A gas separation membrane, which is formed of polyimide composed of repeating units represented by the following general formula (1).

[However, B in the general formula (1) is a tetravalent group,
A in the general formula (1) is a divalent unit,
3 to 65 mol% thereof is a divalent unit A1 represented by the following chemical formula (2),

35 to 97 mol% of A in the general formula (1) is a divalent unit A2 represented by the following chemical formula (3) or / and A3 represented by the following chemical formula (4). ]

(In the formula, R and R ′ are a hydrogen atom or an organic group, and n is 0, 1 or 2.)

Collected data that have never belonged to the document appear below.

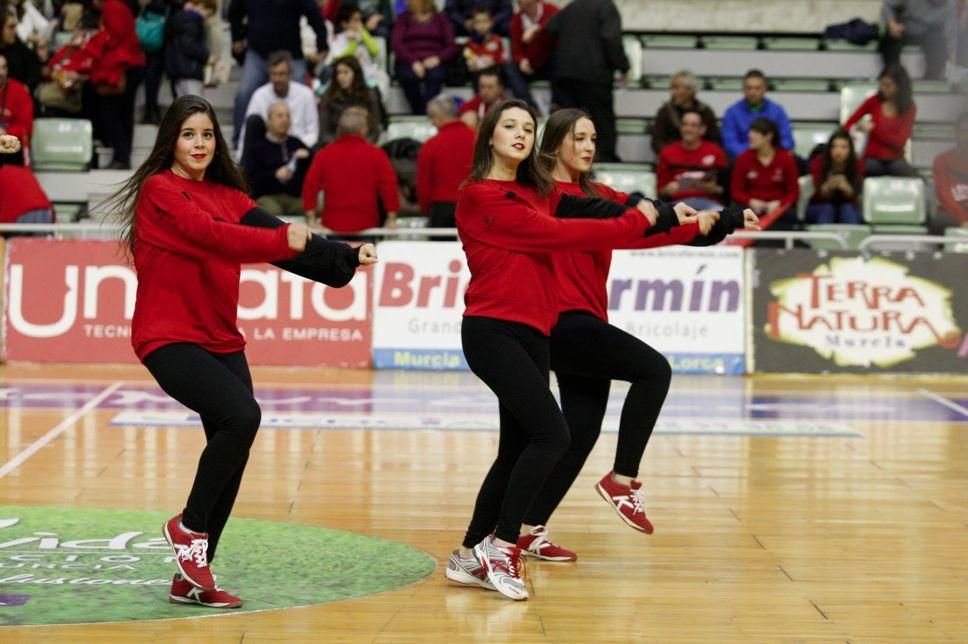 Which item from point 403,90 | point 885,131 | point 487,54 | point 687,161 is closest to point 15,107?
point 403,90

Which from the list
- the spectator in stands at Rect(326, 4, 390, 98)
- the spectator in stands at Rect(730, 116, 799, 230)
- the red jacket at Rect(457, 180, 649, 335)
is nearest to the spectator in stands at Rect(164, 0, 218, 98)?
the spectator in stands at Rect(326, 4, 390, 98)

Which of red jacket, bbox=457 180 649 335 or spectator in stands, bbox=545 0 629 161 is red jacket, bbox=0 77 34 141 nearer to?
spectator in stands, bbox=545 0 629 161

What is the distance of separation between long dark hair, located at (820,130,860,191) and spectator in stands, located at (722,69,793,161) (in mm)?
845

(In the formula, R and R ′ are a hydrogen atom or an organic group, and X is —CH ₂ — or —CO—.)   The A2 or / and A3 is A2, and A2 is a divalent unit obtained by removing an amino group from 3,7-diamino-dimethyldibenzothiophene = 5,5-dioxide. Gas separation membrane.   A mixed gas containing a plurality of gas components is brought into contact with the supply side of the gas separation membrane according to claim 1, and at least one of the plurality of gas components is passed to the permeation side of the gas separation membrane. A method for selectively separating and recovering at least one of the plurality of gas components from a mixed gas containing a plurality of gas components, wherein the gas component is selectively permeated.